Today with GeForce RTX 4070 Ti for Desktop Nvidia introduced five next-generation 3D accelerators for mobile computers at once – we are talking about the Ada Lovelace Mobile line.
The company claims that the new accelerators provide an increase in gaming performance up to four times compared to its predecessors. But here, of course, everything depends very much on the model. All new products support the fifth-generation proprietary Max-Q technology, which includes support for DLSS 3 (absolutely all models, even the GeForce RTX 4050 supports it), the use of GDDR6 memory with ultra-low consumption, support for proprietary technologies Whisper Mode and Battery Boost.


The characteristics of all five models of the line have already been declassified and are presented in the table below.

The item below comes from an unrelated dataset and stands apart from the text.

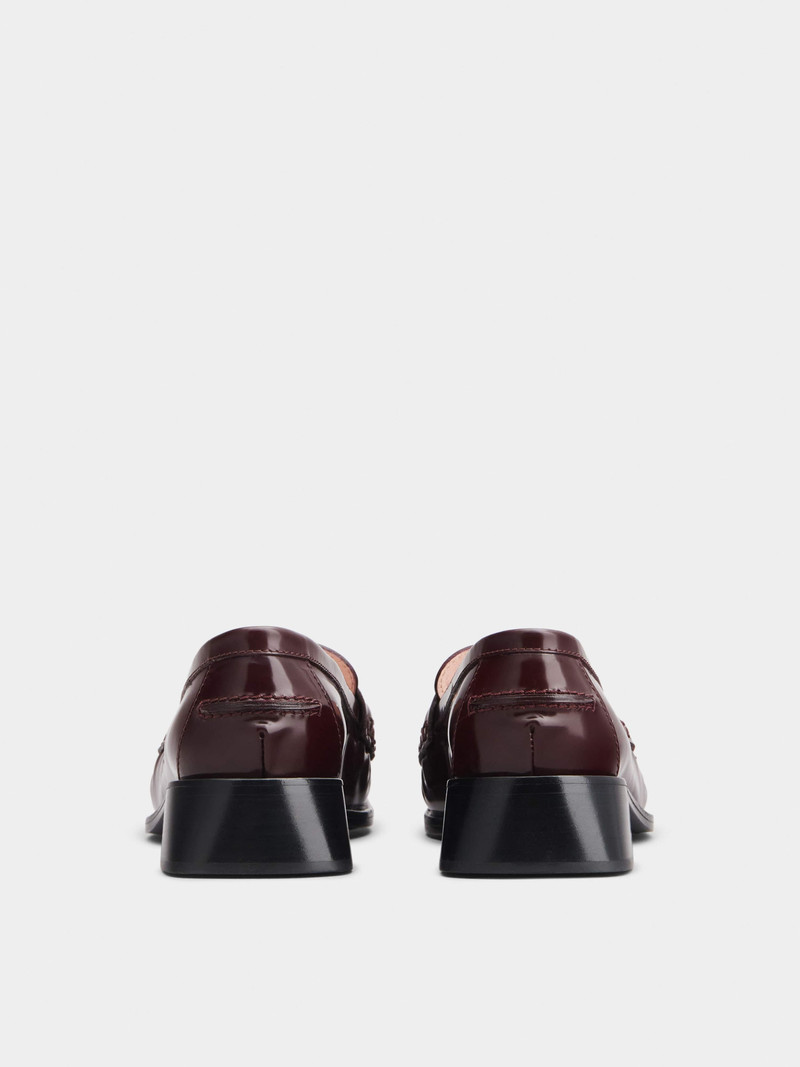Preppy Viv' Metal Buckle Loafers in Patent Leather 5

It can be seen that the maximum frequency is for the GeForce RTX 4050 and 4060, but the younger model has fewer CUDA cores, a narrower memory bus and less memory itself. However, 6 GB is a step up from 4 GB for the GeForce RTX 3050.
At the other end of the lineup is the GeForce RTX 4090 with 9728 CUDA cores, 256-bit bus, 16GB of GDDR6 memory and a TDP of up to 150W. Nvidia itself classifies the GeForce RTX 4090 and 4080 as purely gaming models for their respective laptops, while the other three accelerators are for thin laptops. Although this division is very conditional.


Notebooks with the GeForce RTX 4090 and 4080 will be the first to go on sale – you can buy them from February 8th. Prices start at $2,000. Simpler GPU laptops will go on sale starting February 22. Prices start at $1,000 (obviously, for versions with the GeForce RTX 4050).